__Problem requirements__:
Restate exactly, and only, the lines from the one containing "بين السيسي ونتنياهو" through the end of the entries, keeping both endpoints.

:: Excerpted data ::

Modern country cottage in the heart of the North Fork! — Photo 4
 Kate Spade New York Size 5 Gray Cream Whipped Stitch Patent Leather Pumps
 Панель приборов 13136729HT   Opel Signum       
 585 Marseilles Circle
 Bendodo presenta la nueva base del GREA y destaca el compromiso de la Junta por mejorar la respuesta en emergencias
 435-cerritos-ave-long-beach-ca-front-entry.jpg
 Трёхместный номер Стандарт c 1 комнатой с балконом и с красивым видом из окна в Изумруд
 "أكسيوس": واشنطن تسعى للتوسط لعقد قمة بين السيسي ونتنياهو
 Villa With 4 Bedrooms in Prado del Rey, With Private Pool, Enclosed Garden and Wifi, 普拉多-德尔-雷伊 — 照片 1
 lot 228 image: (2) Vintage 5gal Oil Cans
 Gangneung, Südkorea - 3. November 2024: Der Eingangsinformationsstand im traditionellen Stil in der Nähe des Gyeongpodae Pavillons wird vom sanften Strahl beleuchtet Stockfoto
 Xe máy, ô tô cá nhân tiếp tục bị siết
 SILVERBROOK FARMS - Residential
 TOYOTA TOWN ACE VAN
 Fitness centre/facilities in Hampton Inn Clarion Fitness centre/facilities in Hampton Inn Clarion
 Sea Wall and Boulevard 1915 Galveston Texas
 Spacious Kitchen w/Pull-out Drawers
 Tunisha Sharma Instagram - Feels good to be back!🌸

:::

__Output of the exercise__:
 "أكسيوس": واشنطن تسعى للتوسط لعقد قمة بين السيسي ونتنياهو
 Villa With 4 Bedrooms in Prado del Rey, With Private Pool, Enclosed Garden and Wifi, 普拉多-德尔-雷伊 — 照片 1
 lot 228 image: (2) Vintage 5gal Oil Cans
 Gangneung, Südkorea - 3. November 2024: Der Eingangsinformationsstand im traditionellen Stil in der Nähe des Gyeongpodae Pavillons wird vom sanften Strahl beleuchtet Stockfoto
 Xe máy, ô tô cá nhân tiếp tục bị siết
 SILVERBROOK FARMS - Residential
 TOYOTA TOWN ACE VAN
 Fitness centre/facilities in Hampton Inn Clarion Fitness centre/facilities in Hampton Inn Clarion
 Sea Wall and Boulevard 1915 Galveston Texas
 Spacious Kitchen w/Pull-out Drawers
 Tunisha Sharma Instagram - Feels good to be back!🌸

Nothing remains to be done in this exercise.